🤖 AI Summary
Diffusion models frequently produce severe hand structural distortions in portrait generation, hindering practical deployment. To address this, we propose RHanDS, a conditional diffusion framework featuring a novel decoupled dual-guidance mechanism: geometric constraints are imposed via 3D hand mesh priors, while stylistic consistency is enforced using hand-region features extracted from the original image. We further introduce a two-stage training strategy—first optimizing structural controllability, then refining stylistic fidelity—and construct the first large-scale, multi-style paired hand dataset. RHanDS achieves state-of-the-art hand restoration performance across multiple benchmarks, significantly improving hand structural accuracy while preserving texture, lighting, and pose consistency with the input portrait.
📝 Abstract
Although diffusion models can generate high-quality human images, their applications are limited by the instability in generating hands with correct structures.

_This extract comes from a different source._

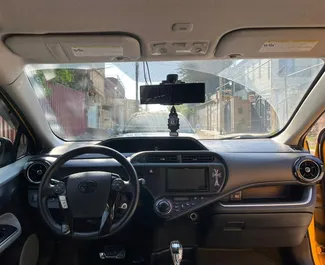 Toyota Prius C 2014 zur Miete verfügbar in Tiflis, mit Kilometerbegrenzung unbegrenzte.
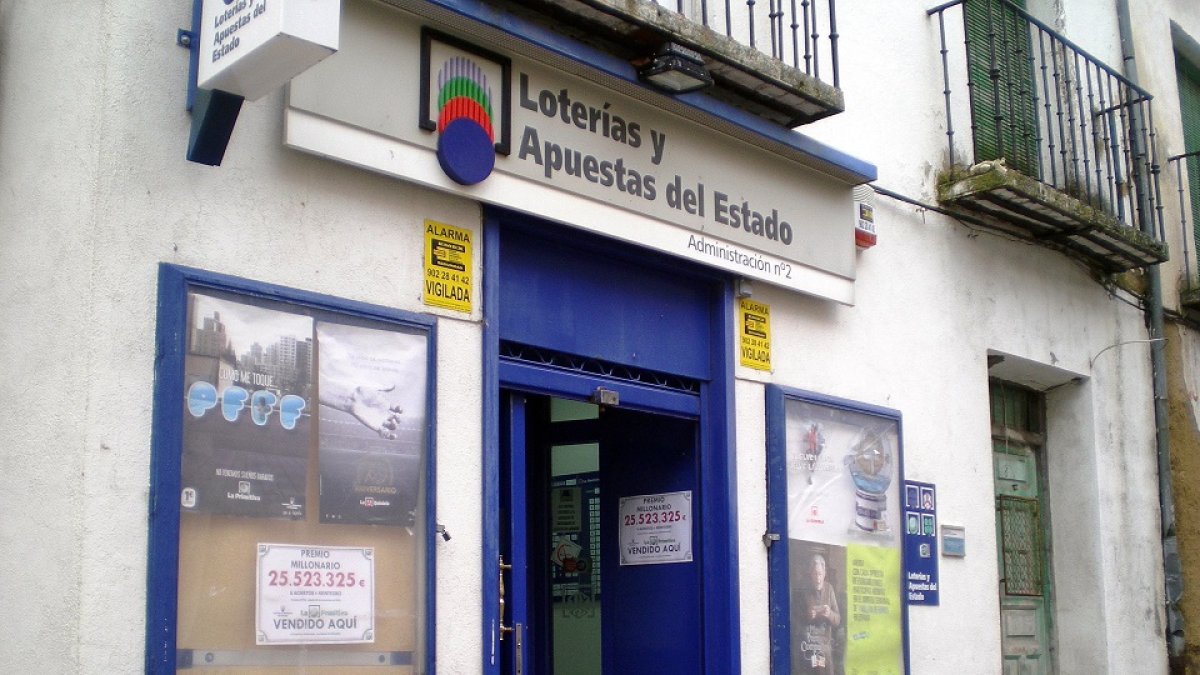 Imagen de archivo de una Administración de Lotería.- ICAL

In this paper, we introduce RHanDS, a conditional diffusion-based framework designed to refine malformed hands by utilizing decoupled structure and style guidance. The hand mesh reconstructed from the malformed hand offers structure guidance for correcting the structure of the hand, while the malformed hand itself provides style guidance for preserving the style of the hand. To alleviate the mutual interference between style and structure guidance, we introduce a two-stage training strategy and build a series of multi-style hand datasets. In the first stage, we use paired hand images for training to ensure stylistic consistency in hand refining. In the second stage, various hand images generated based on human meshes are used for training, enabling the model to gain control over the hand structure. Experimental results demonstrate that RHanDS can effectively refine hand structure while preserving consistency in hand style.